И тем не менее… что делать, когда нет твердых фактов? Если боги не дают уверенности, разве смертные не должны действовать, основываясь на опыте, взвешивая возможности и учитывая то, что им не известно? Если Свидетельницы намерены разорвать соглашение со Стралгом, сейчас самый подходящий момент: он стареет, он далеко, все еще пытается завоевать Флоренгианскую Грань, как когда-то подчинил себе Вигелию. За пятнадцать лет успех сменился поражением. Если ЛеЭмбер ошибается, а Молчальница права, тогда именно сейчас нужно разорвать договор с чудовищем. Что это — легендарное провидение уходящей Старейшей, или всего лишь пустые размышления умирающей старухи? Неужели она ошибалась все эти годы?
Очень тихо появились все пять Свидетельниц. Они молча собрались вокруг нее, встав на колени около кровати, взяв ее за руки, чтобы утешить: Роза, Индиго, Корица, Колокольчик и Ива. Двое из них были почти ее ровесницами, а Иве едва исполнилось сорок. Их объединило горе, и общая печаль была так сильна, что вскоре слепые глаза Старейшей наполнились слезами. Они разделяли ее боль, зная, что теперь ее сущностью стала смерть.

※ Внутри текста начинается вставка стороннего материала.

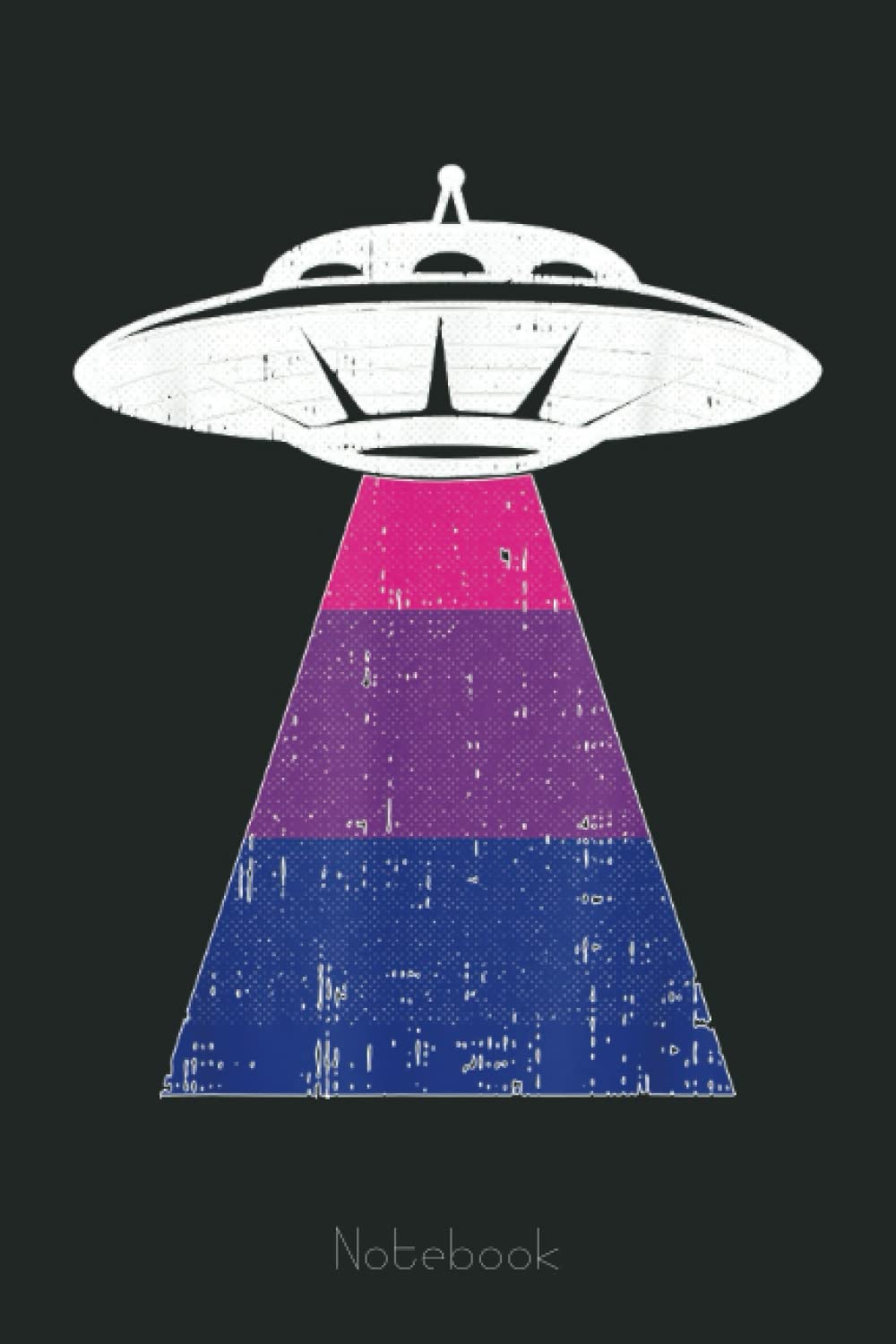 Alien Abduction Bisexual Pride LGBT-Q Gaylien UFO Proud Bi Notebook: Lined Journal Alien, 110 Pages, Size 6"x9", lined journal ufo, alien journal, ufo journal, lined journal notebook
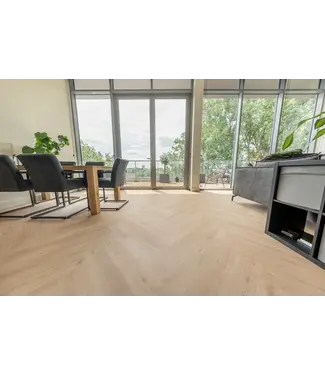 Floer Floer Walvisgraat plak PVC – Gaia Grijsbeige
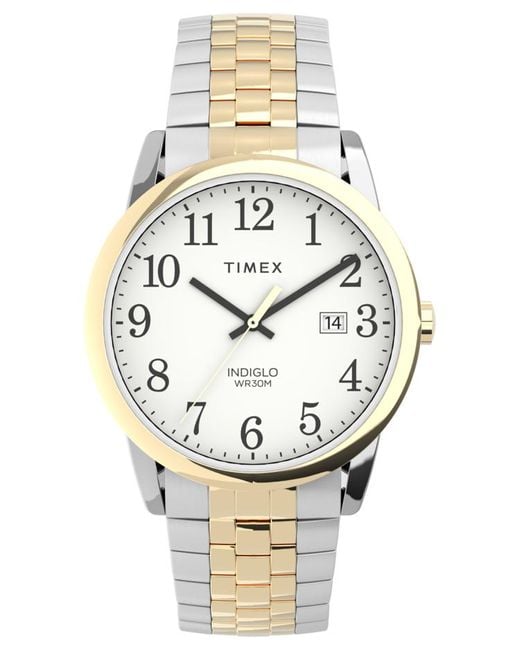 Timex Easy Reader 38mm Stainless Steel Expansion Band Watch With ...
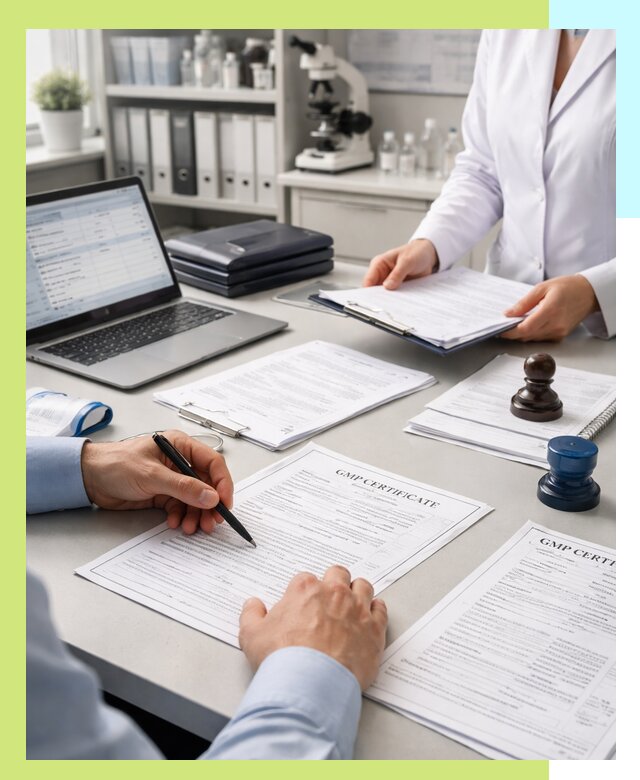 Оформление сертификата GMP в Великих Луке для фармпроизводства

— Ты можешь говорить, матушка? — прошептала Роза. — У тебя есть для нас какие-то особые слова? Заговорит ли с нами леди Мудрости, когда ты испустишь свой последний вдох?
Разумеется, заговорит. Ох, как же я раньше не поняла, что должна передать им ее слова!
— Плетение, — сказала она, — сегодня плетение!
Свидетельницы смутились, потому что не замечали очевидного.
В попытке объяснить непосвященным то, как они чувствовали мир, мэйнистки были вынуждены изъясняться метафорами. Они говорили о ткачестве, о мозаике, о рисунках. Об узлах, точках пересечения, едва заметных прикосновениях к рулю, при помощи коего боги управляли миром — одна снежинка вызывала лавину; сокровенный миг, когда муж прикасался к жене в тишине ночи, давал жизнь великому мудрецу или чудовищу, а в другую ночь та же женщина могла зачать совсем иное дитя. Свидетельницы очень обрадовались, когда им открылось понятие «плетения». Оно означало важное событие или действие, которое приведет к результатам, противоположным их пророчествам. Аналогия, естественно, относилась к нити: она доходит до края полотна и поворачивает назад, чтобы создать рисунок.